• _Information supplied_:
########

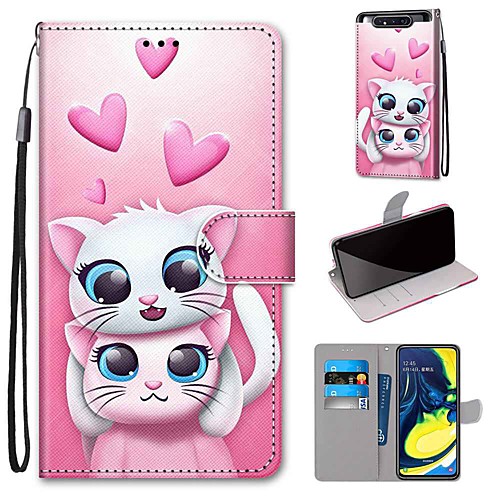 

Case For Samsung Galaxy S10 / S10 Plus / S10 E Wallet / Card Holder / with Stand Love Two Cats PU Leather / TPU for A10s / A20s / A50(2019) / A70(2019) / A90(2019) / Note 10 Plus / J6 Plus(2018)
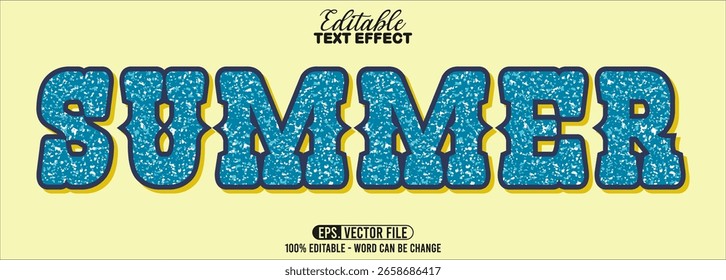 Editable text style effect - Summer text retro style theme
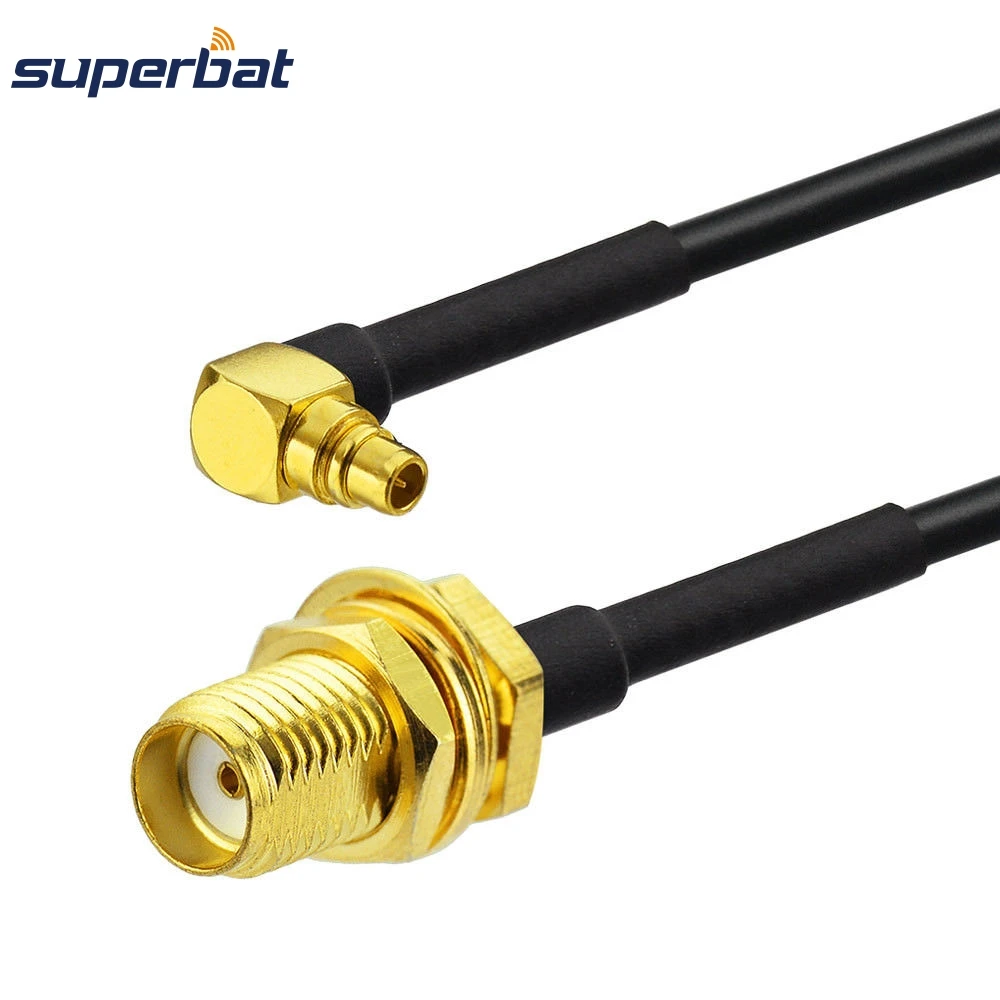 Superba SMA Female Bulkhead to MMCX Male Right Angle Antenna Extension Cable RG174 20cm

########

• _Aim of the task_: The task calls for repeating each line above exactly while excluding the pictures.

• _Exercise output_:
Case For Samsung Galaxy S10 / S10 Plus / S10 E Wallet / Card Holder / with Stand Love Two Cats PU Leather / TPU for A10s / A20s / A50(2019) / A70(2019) / A90(2019) / Note 10 Plus / J6 Plus(2018)
 Editable text style effect - Summer text retro style theme
 Superba SMA Female Bulkhead to MMCX Male Right Angle Antenna Extension Cable RG174 20cm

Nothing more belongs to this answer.